Воздействие танцев, формирующих этнографический образ зрелища, бесспорно. Но при этом нельзя отрицать, что танцы являются лишь частью пластического облика персонажа. Впечатляющей, ритмизированной, но частью.

Несомненной опорой при создании этнографического образа может стать целенаправленно выявленная фольклорная пластика.

Замедленная, мягкая грация движений, свойственна жительницам Кавказа.

Так же, как напряженная стремительность, картинная четкость жестов кавказцам. На выявлении этих сдерживаемых кипучих страстей и плавной замедленности жеста строился этнографический образ канатоходцев „Леки“. Наименование одного из коренных народов Дагестана, давшее название номеру. Сестры Айшат, Алмаз, Зулейхат, Изумруд Гаджикурбановы, Ахмед Абакаров и Александр Медников — представлял их инспектор манежа. Специально написанная Мурадом Кажлаевым музыка, в которую входила обработанная композитором народная лакская песня, вводила в этнографический строй номера. Впечатление дополняла, вернее, усиливала пластика артистов. Плавные переливы рук девушек, четкий быстрый перебор ног мужчин создавали образную сферу.

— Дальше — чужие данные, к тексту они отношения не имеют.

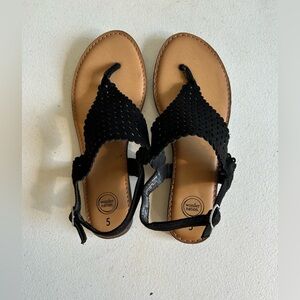 Wonder Nation Black Perforated Women's Sandals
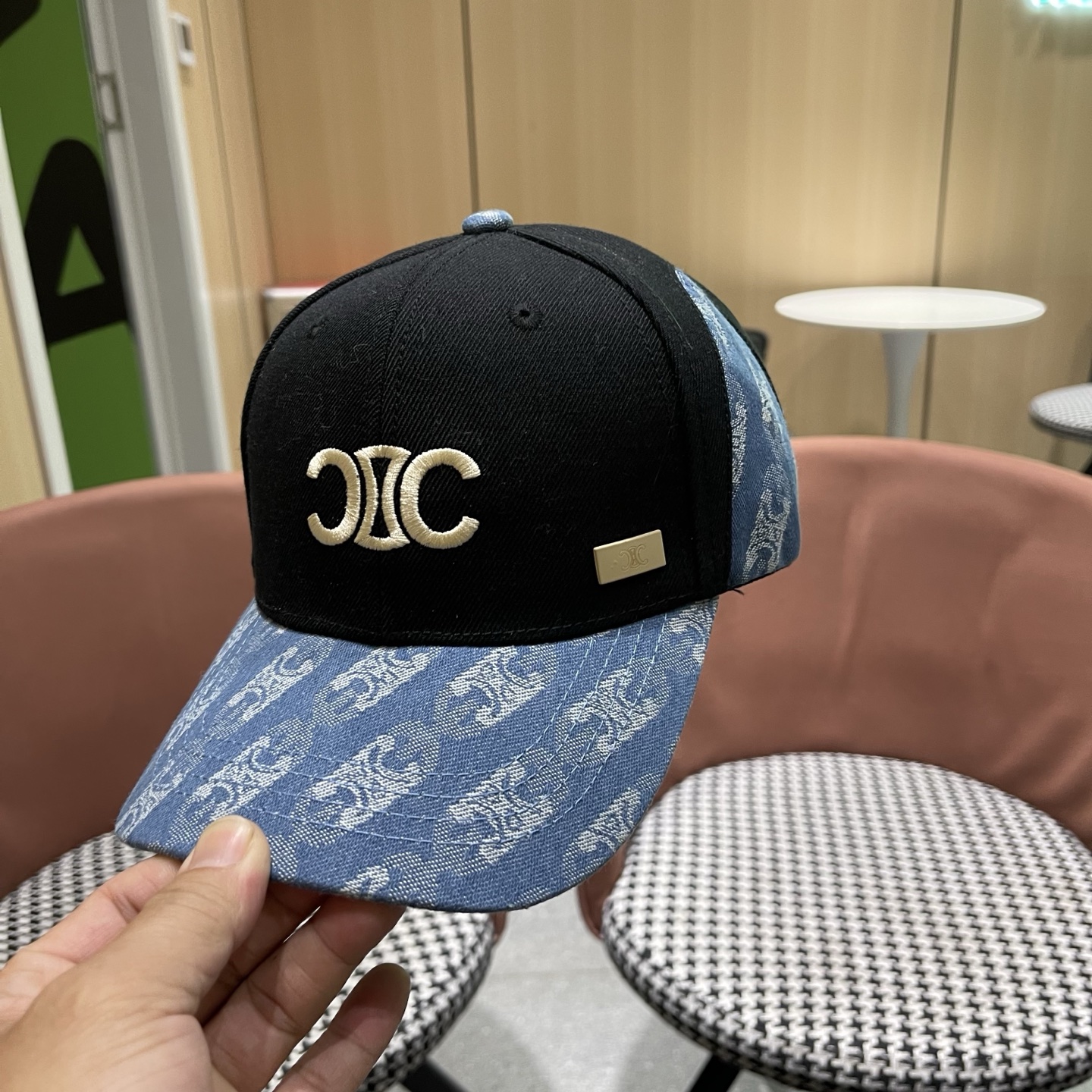 【CELINE赛琳】春夏款新款简约拼色棒球帽，新款出货，大牌款超好搭配，赶紧入手！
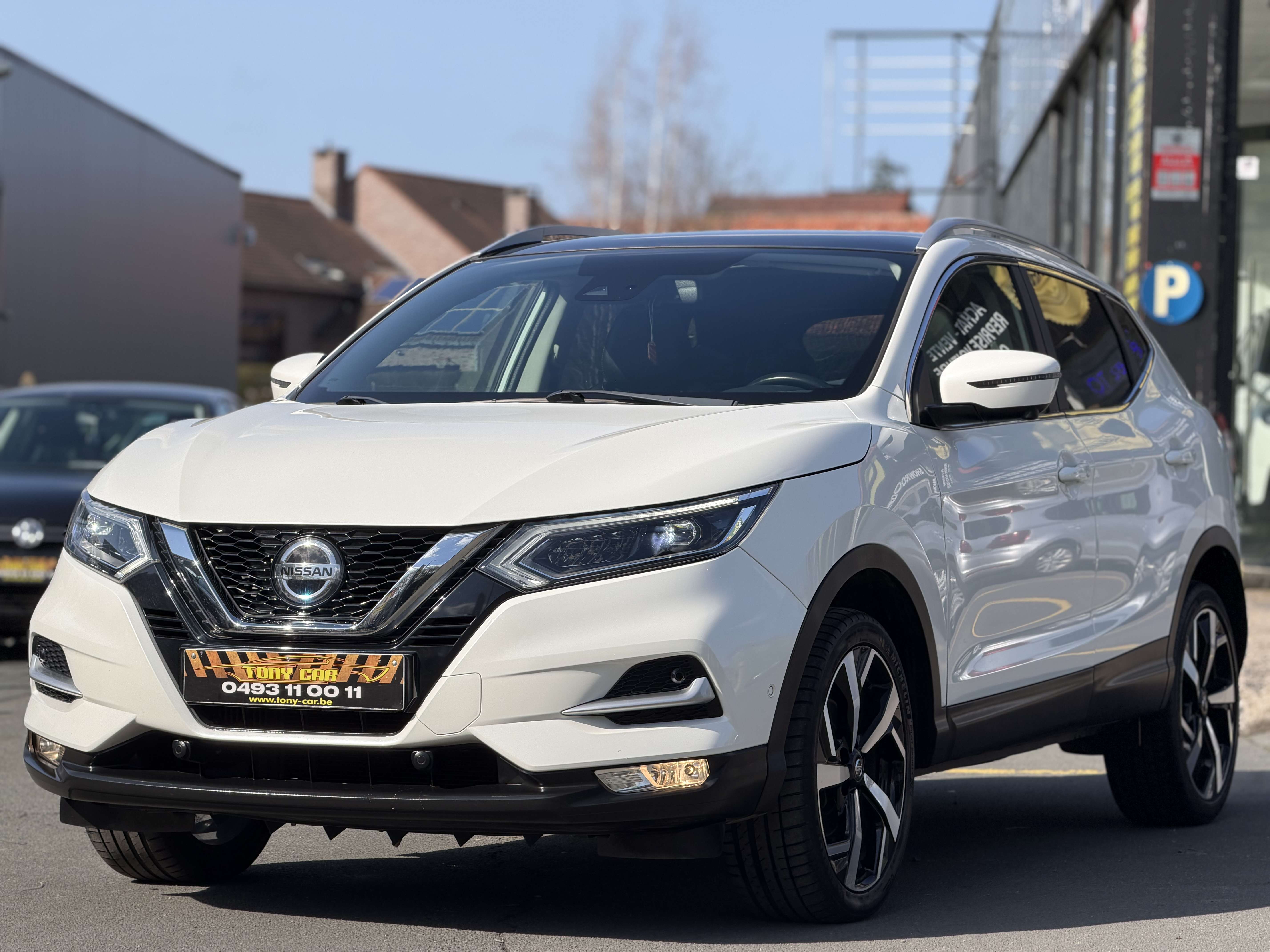 Nissan Qashqai Qashqai 1.2 DIG-T*NAVI*CAMERA360*PANO*CUIR*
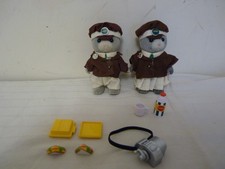 SYLVANIAN FAMILIES VINTAGE BUS DRIVER AND BUS CONDUCTOR WITH ACCESSORIES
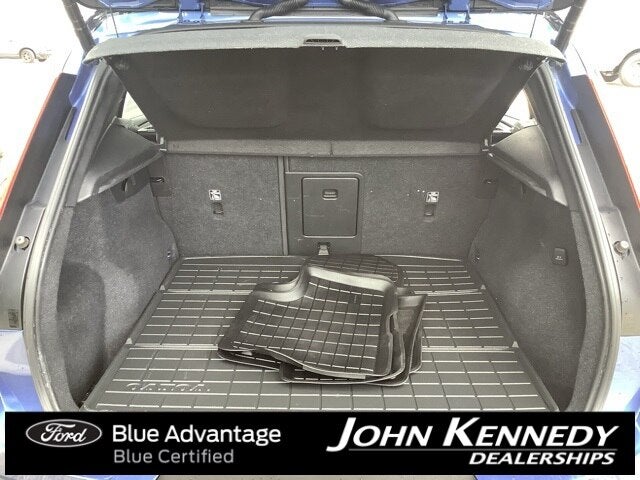 2021 Volvo XC40 Recharge Pure Electric P8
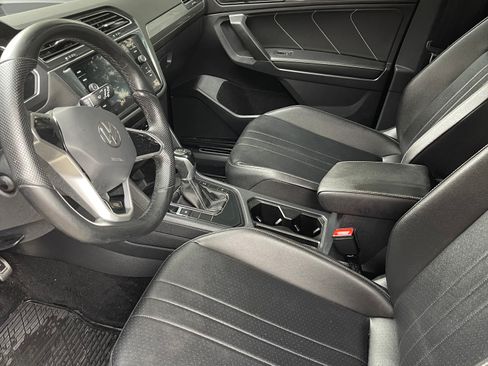 Used 2022 Volkswagen Tiguan SE R-Line image 6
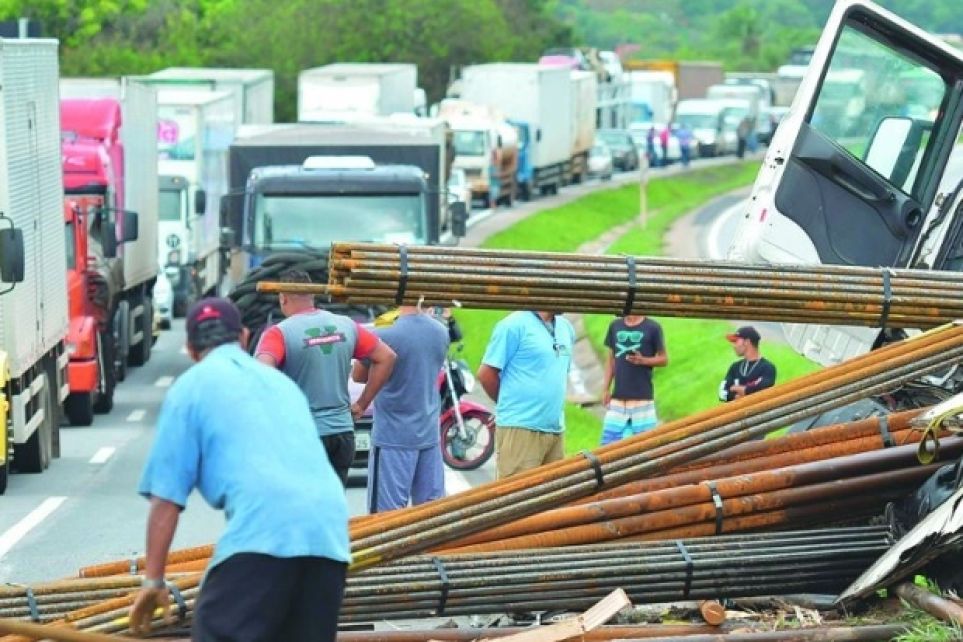 Nas rodovias de Minas, 43 km concentram 1.071 acidentes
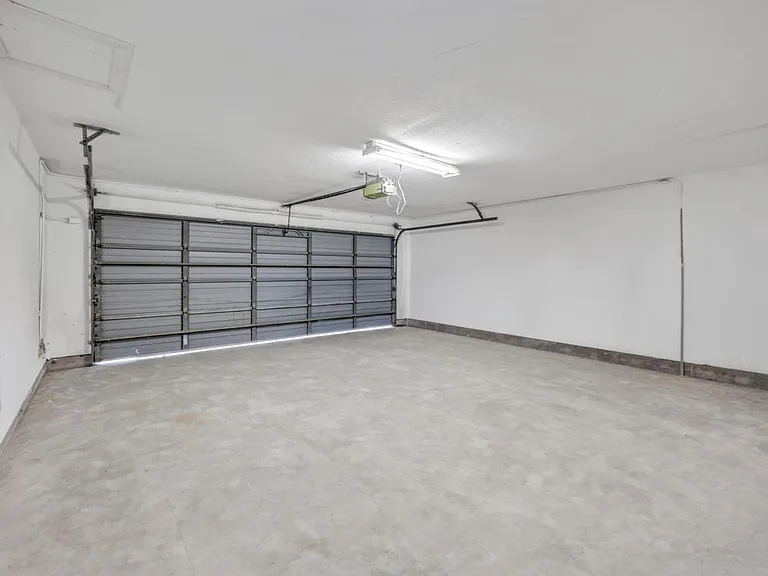 4409 Hillbrook Dr — Photo 39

Удивительное сочетание нежности и мужественности художественно организовывало переходы между комбинациями и построение самих трюков.

В номере „Леки“ ставка делалась ни просто на увеличение числа партнеров, а на те позы, которые они принимали. В плечевой партерной акробатике, из которой канатоходцы много позаимствовали, одним из самых эффектных трюков считается „орел“. В нем нижний партнер удерживает трех верхних. Один из них стоит в плечах нижнего, прижав голени к его шее и голове, удерживая двух партнеров разведенными в стороны руками. Те, в свою очередь, поставив ноги слева и справа на плечи нижнего партнера и ступни стоящего в центре верхнего, ухватившись за его запястья руками, отводят свои тела в стороны, как бы распахивая крылья. Эта схожесть с парящим орлом и дала название трюку.

Создатели „Леки“ режиссер — В. Л. Плинер и балетмейстер — П. Л. Гродницкий искали пирамиды, которые, являясь наглядно трудными и эффектными, создавали впечатление грациозной женственности.

Стремление сделать жест и трюк содержанием и выражением этнографического строя номера заставили постановочную группу искать и создавать для артистов пирамиды, которые при всей их очевидной сложности производили впечатление изысканной грациозности. Наибольшей удачей стала трехярусная пирамида, которую артисты между собой называли „лотосом“.

„Леки“ — это удивительное зрелище, в котором поражает не что-то в отдельности, а весь маленький спектакль с его завязкой, кульминацией и развязкой, с четко найденным сочетанием элементов танца и акробатики, немыслимого чувства равновесия.

Точно найденная пластика может организовывать этнографическую образность номера.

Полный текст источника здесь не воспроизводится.